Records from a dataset
▬▬▬▬▬▬▬▬▬▬

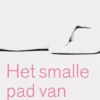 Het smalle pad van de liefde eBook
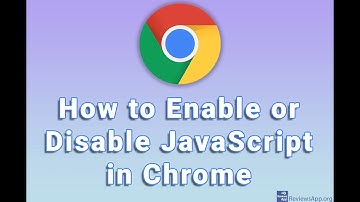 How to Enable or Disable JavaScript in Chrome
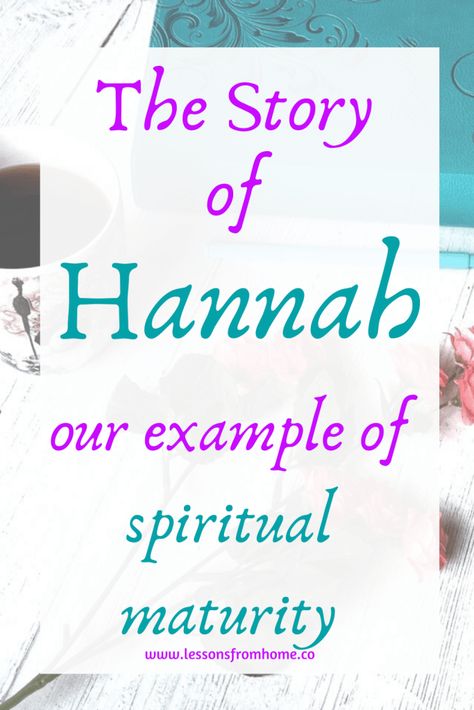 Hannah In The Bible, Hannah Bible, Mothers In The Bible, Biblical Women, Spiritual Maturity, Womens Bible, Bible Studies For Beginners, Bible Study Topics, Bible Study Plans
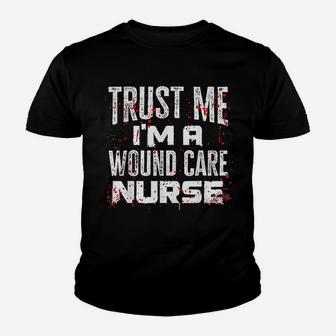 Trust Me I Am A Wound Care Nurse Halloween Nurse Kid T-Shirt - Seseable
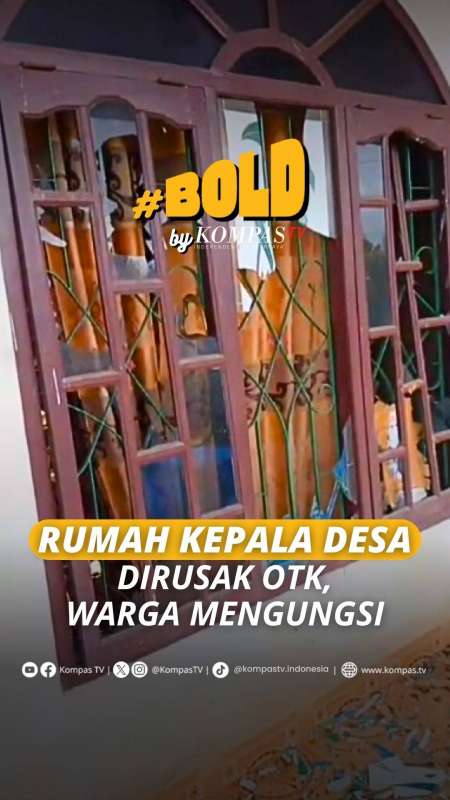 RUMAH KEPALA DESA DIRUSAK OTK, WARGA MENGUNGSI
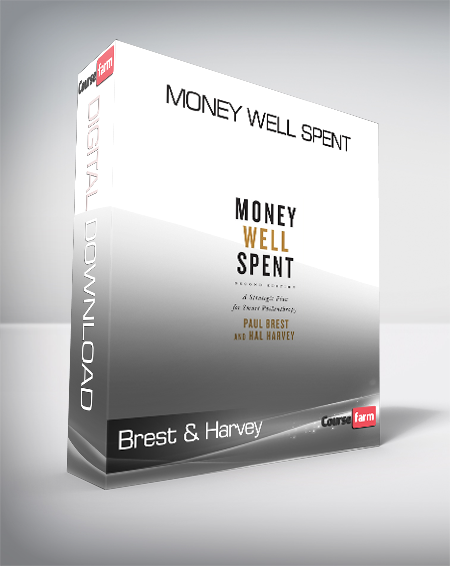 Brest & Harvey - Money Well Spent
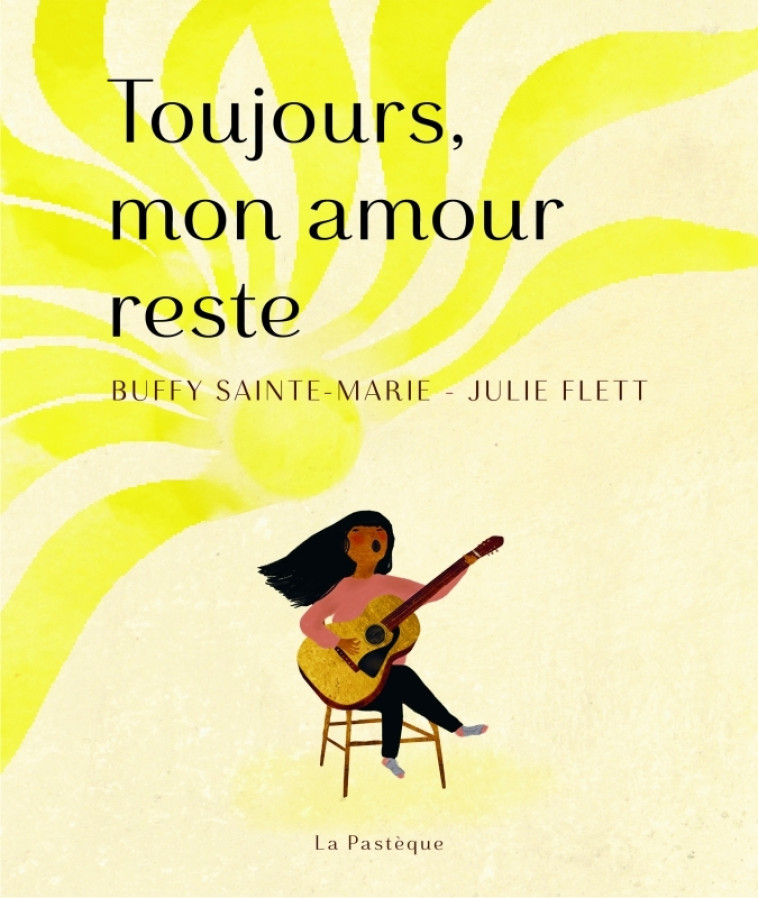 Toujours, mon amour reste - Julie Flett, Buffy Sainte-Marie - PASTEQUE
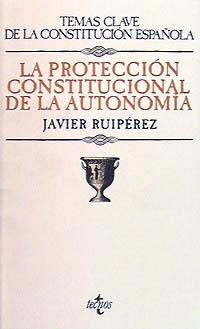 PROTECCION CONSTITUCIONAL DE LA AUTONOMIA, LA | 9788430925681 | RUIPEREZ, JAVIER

▬▬▬▬▬▬▬▬▬▬

● **The task**:
Every line above goes into your copy exactly; no images go in.

● **Response**:
 Het smalle pad van de liefde eBook
 How to Enable or Disable JavaScript in Chrome
 Hannah In The Bible, Hannah Bible, Mothers In The Bible, Biblical Women, Spiritual Maturity, Womens Bible, Bible Studies For Beginners, Bible Study Topics, Bible Study Plans
 Trust Me I Am A Wound Care Nurse Halloween Nurse Kid T-Shirt - Seseable
 RUMAH KEPALA DESA DIRUSAK OTK, WARGA MENGUNGSI
 Brest & Harvey - Money Well Spent
 Toujours, mon amour reste - Julie Flett, Buffy Sainte-Marie - PASTEQUE
 PROTECCION CONSTITUCIONAL DE LA AUTONOMIA, LA | 9788430925681 | RUIPEREZ, JAVIER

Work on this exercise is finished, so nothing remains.